──────── Dataset ────────

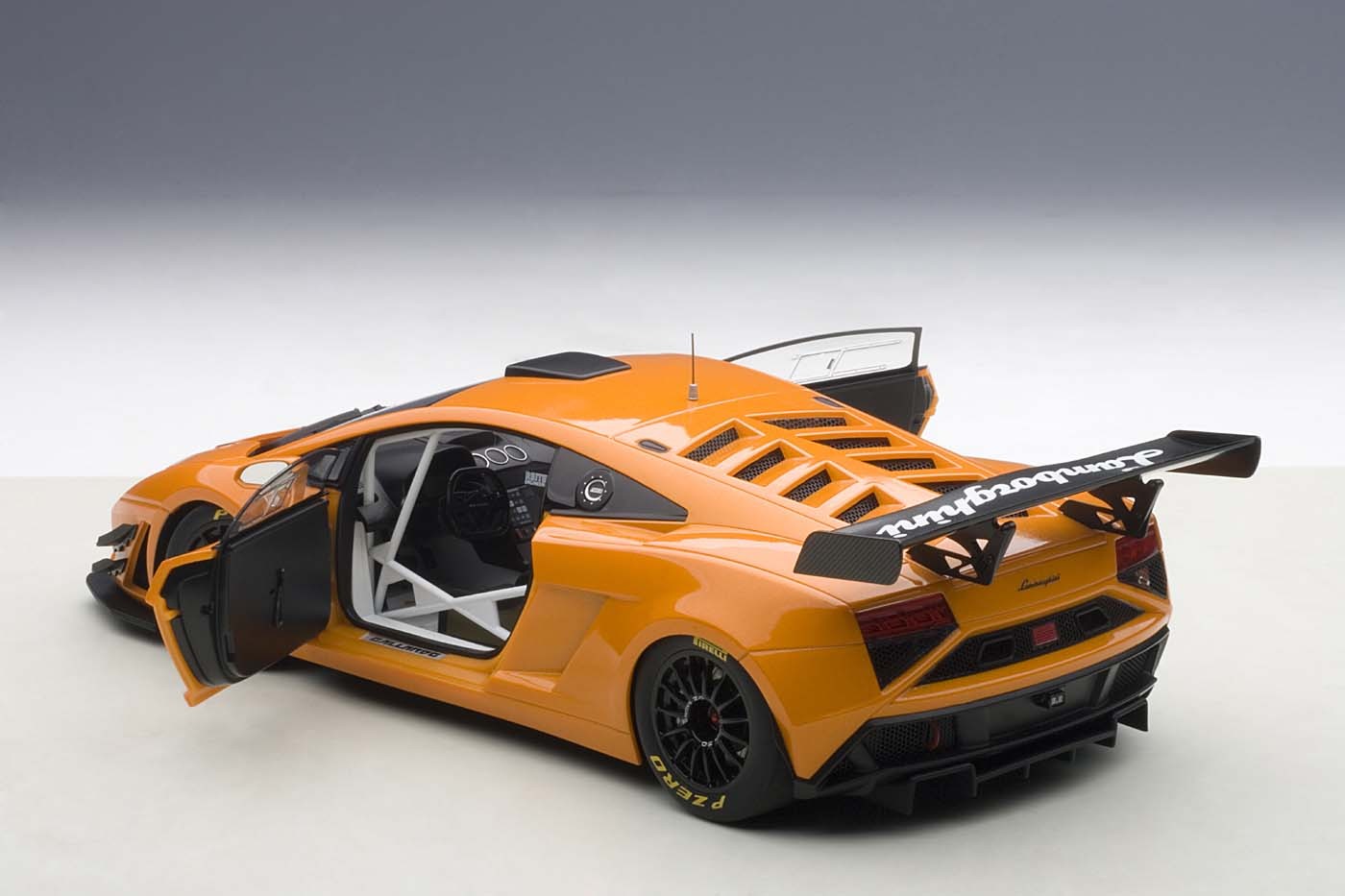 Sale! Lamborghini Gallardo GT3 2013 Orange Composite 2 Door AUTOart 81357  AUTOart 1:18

────────
──────── Dataset ────────

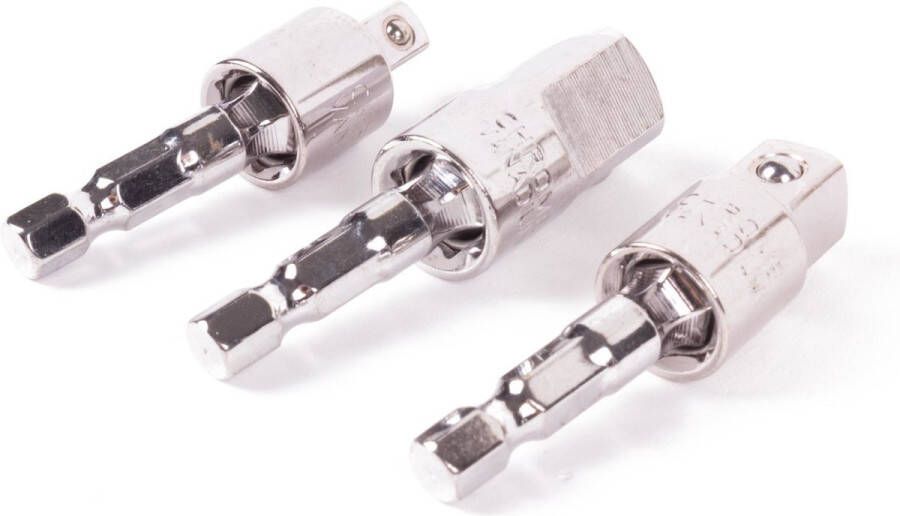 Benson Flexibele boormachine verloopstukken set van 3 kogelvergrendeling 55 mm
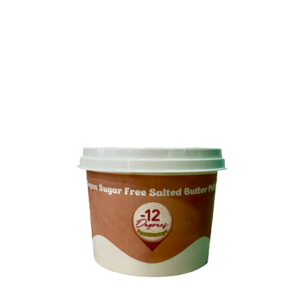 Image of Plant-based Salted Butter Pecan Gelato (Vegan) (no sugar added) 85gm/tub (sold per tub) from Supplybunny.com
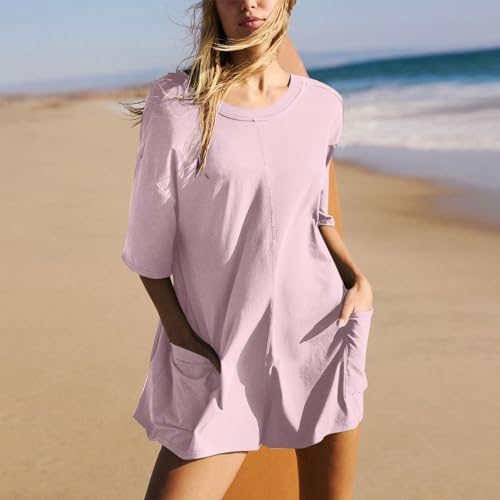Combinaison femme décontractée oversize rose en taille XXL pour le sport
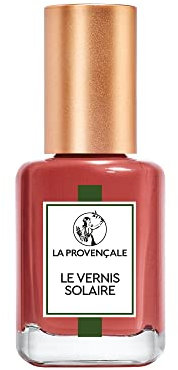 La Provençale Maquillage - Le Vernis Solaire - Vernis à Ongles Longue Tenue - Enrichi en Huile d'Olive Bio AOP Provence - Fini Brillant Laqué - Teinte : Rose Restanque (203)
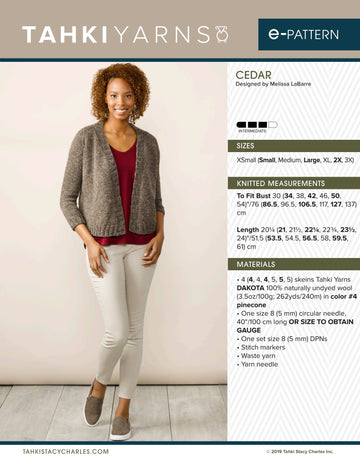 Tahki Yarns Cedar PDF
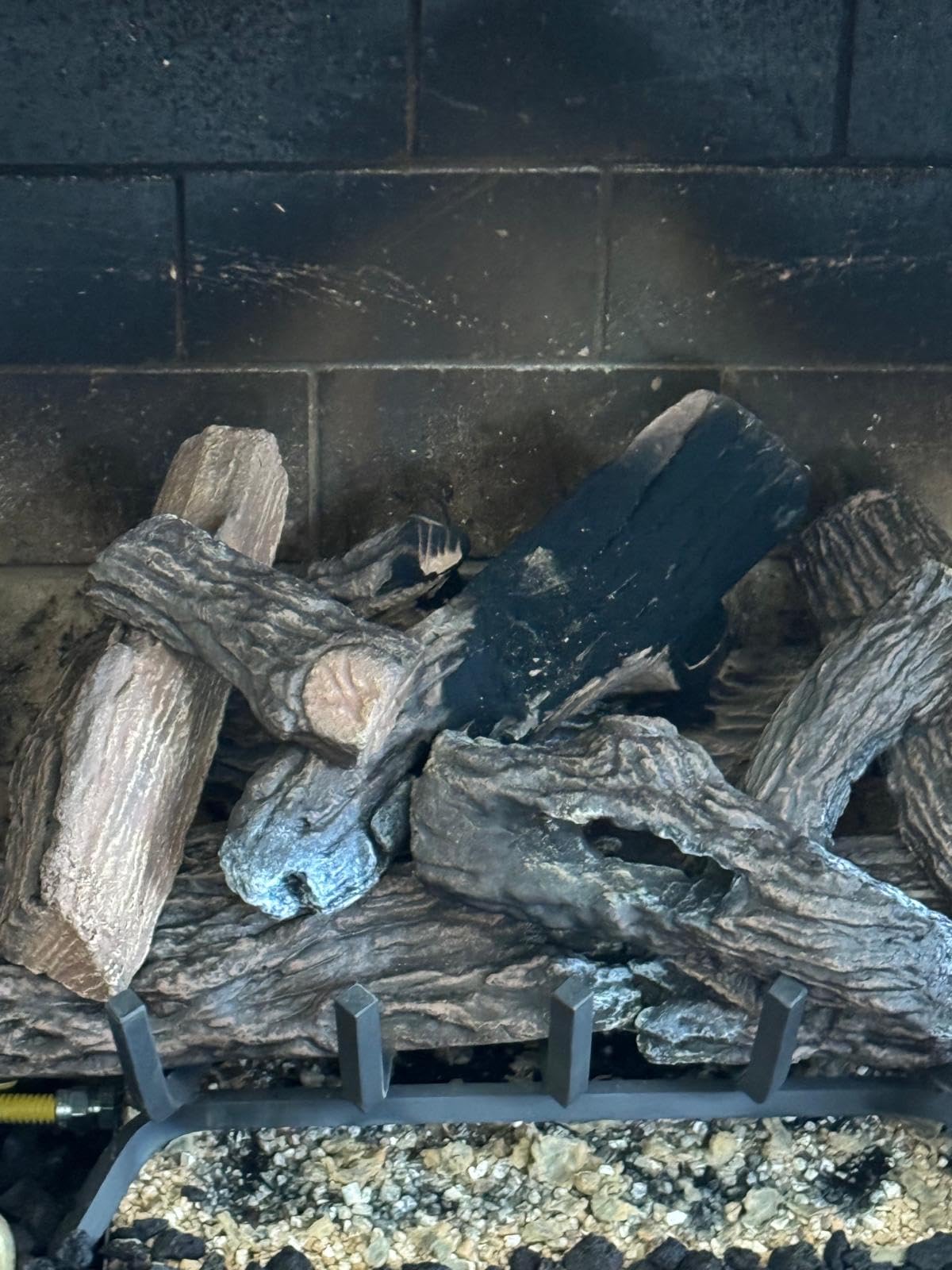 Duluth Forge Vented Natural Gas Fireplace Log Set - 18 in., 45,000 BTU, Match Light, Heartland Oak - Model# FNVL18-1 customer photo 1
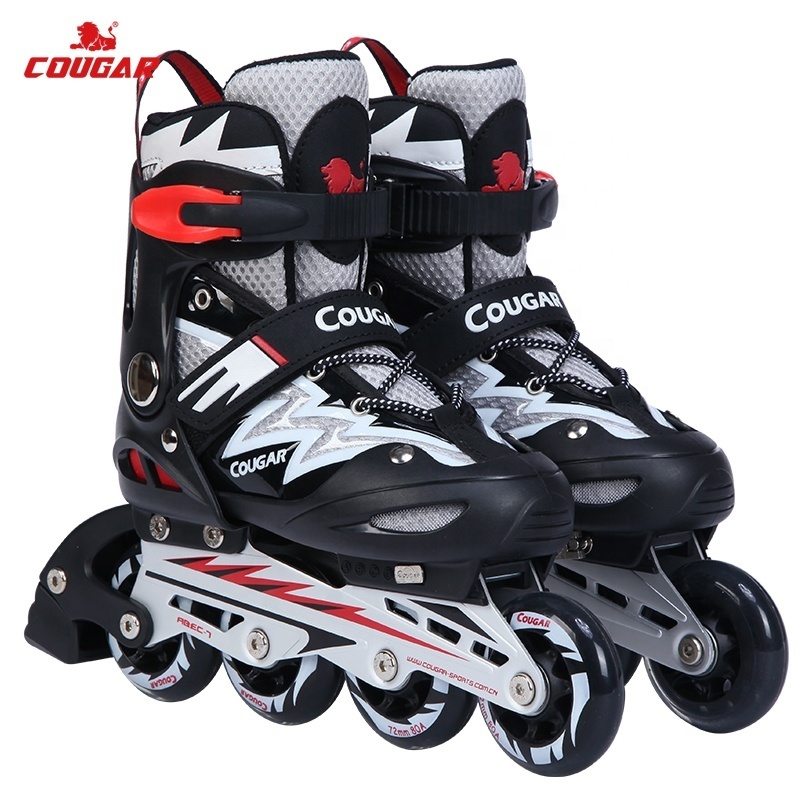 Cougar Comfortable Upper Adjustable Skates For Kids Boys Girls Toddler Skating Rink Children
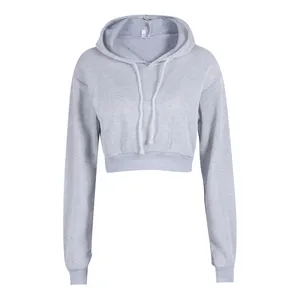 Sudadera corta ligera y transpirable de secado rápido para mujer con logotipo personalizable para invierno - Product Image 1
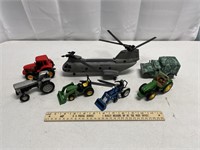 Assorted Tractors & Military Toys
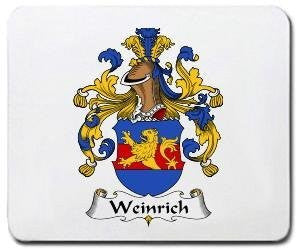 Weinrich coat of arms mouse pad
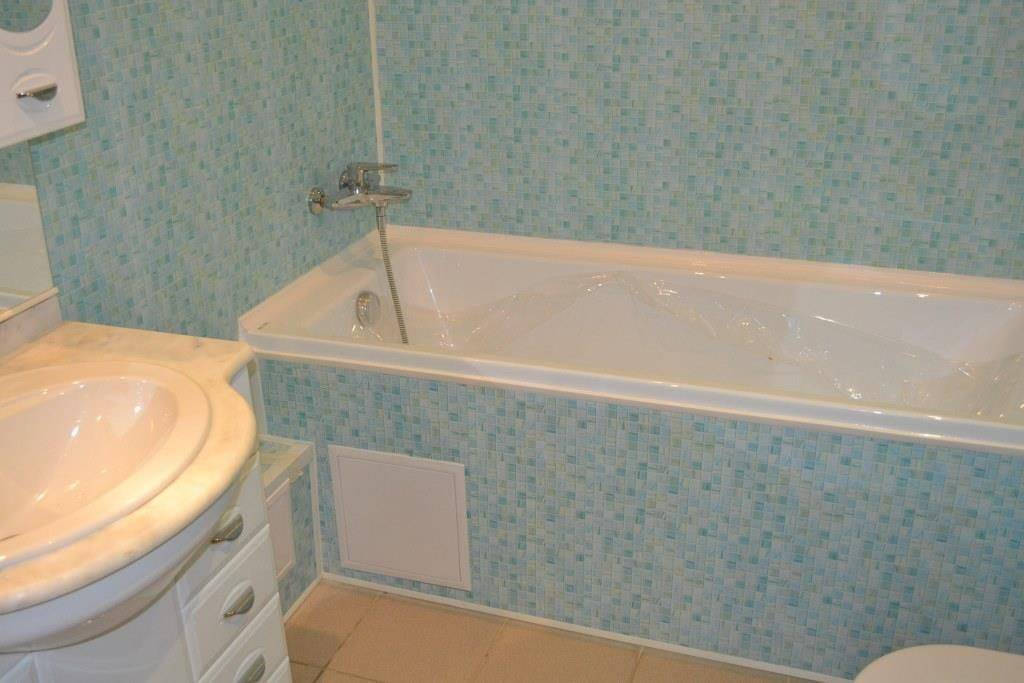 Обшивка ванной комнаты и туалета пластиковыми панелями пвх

────────
──────── Dataset ────────

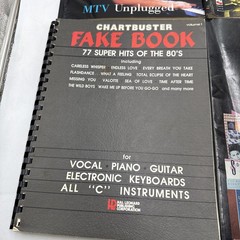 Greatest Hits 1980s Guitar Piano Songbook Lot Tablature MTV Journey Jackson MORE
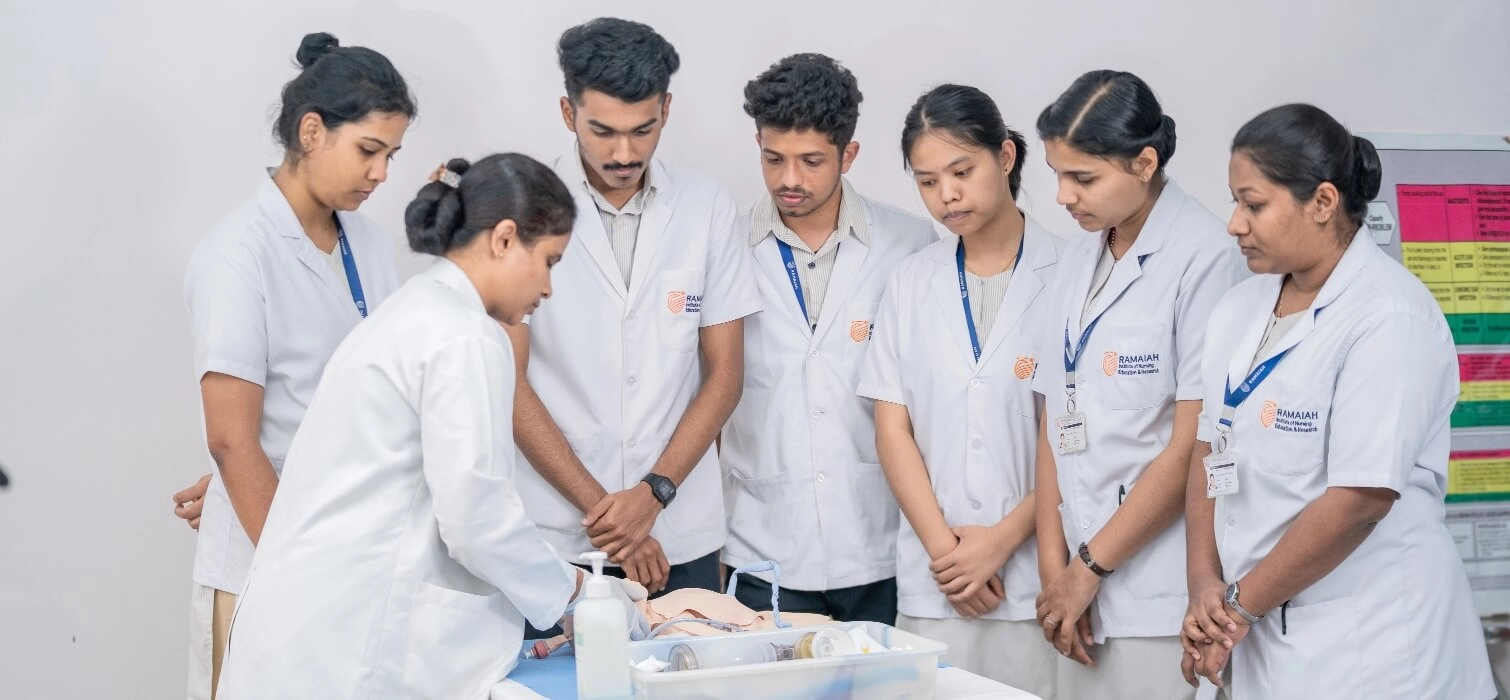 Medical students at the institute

────────

Task details: Return, exactly as they stand, the lines above from the one with "Greatest Hits 1980s" to the one with "Medical students at the institute", omitting any pictures among them.

Answer for this exercise:
 Greatest Hits 1980s Guitar Piano Songbook Lot Tablature MTV Journey Jackson MORE
 Medical students at the institute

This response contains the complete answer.